After almost 7 decades of embargo combined with self inflicted wounds, it seems the industries, infrastructure and civil services are on the brink of catastrophe. Sewer, water, Energy, health and the continued brain drain of educated have taken their toll. CiberCuba: Cuba, Actualidad, Entretenimiento, Cultura, Deportes, Farándula y Opinión

Or is this all wrong, and they are hanging in there?
 
That website, ‘CiberCuba” exists in English: CiberCuba: Cuba, News, Entertainment, Culture, Sports, Celebrity Gossip and Opinion

It comes out of Spain and, according to a friend of mine whose work focuses on Cuba, does a credible job though not a scholarly one.

My news on Cuba tends to come by way of a source called Boz, short for James Bosworth, who is more of a clearing house on the island rather than a expert. I’ll ask my buddy if he can be specific though - I’m sure he has insight but I don’t think he’s been back to the island since before COVID.

From my standpoint it certainly looks like Cuba is in dire economic straits - planned power outages, long a fact of life in the countryside, are now regular in
 
Havana. Venezuela’s internal woes hurt Cuba energy wise to be sure.

There is now dissent on the Left to go with more Rightist criticism…and there has been protests for several years. The government and folks associated with it make up the well-off and most of them are white so there is also a growing sense of racial strife.

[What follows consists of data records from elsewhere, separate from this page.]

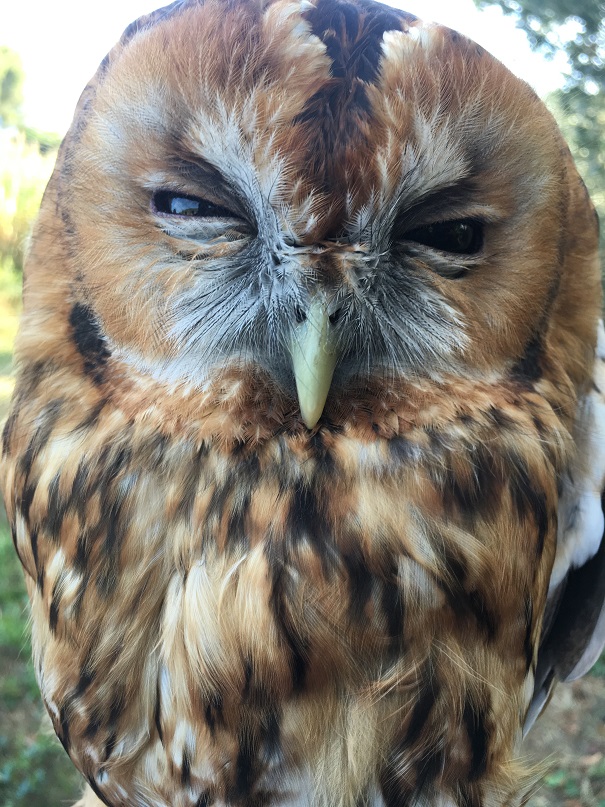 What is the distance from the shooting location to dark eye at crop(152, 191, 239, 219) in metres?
0.72

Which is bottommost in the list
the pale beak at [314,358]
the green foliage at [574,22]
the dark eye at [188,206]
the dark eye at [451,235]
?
the pale beak at [314,358]

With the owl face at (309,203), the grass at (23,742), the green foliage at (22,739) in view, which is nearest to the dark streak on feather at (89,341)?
the owl face at (309,203)

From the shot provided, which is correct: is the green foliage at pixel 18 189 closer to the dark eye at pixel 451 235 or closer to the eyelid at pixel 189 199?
the eyelid at pixel 189 199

Will the government there fall? Doubtful, though it might untighten more of the rules on capitalist operations if Harris wins. A trump victory means hard times and continued oppression there I’d say,
 
I'll add here that when the Castro generation was aging they reached down and skipped a generation in tapping the next leaders so while that cadre is getting up in years they don't have octagenerians in many power roles but rather pretty dedicated and invested party players in their 50s and 60s running things. Canel, the "president" is 64 while Cruz, the Prime Minister is 61. All of the 'seconds' to that ruling class tend to be even younger, again, according to my friend.
 
There were some significant protests in Cuba back in March. For a while there, it looked like they may catch some traction, only for the government to come in and quash them with a rather heavy hand. Protestors were jailed or sent to exile; that included very light crimes of voicing protest on social media. The cuban intelligence services have helped quell protests in Nicaragua (2018) and Venezuela; they decided to apply some of their new tactics on their own population.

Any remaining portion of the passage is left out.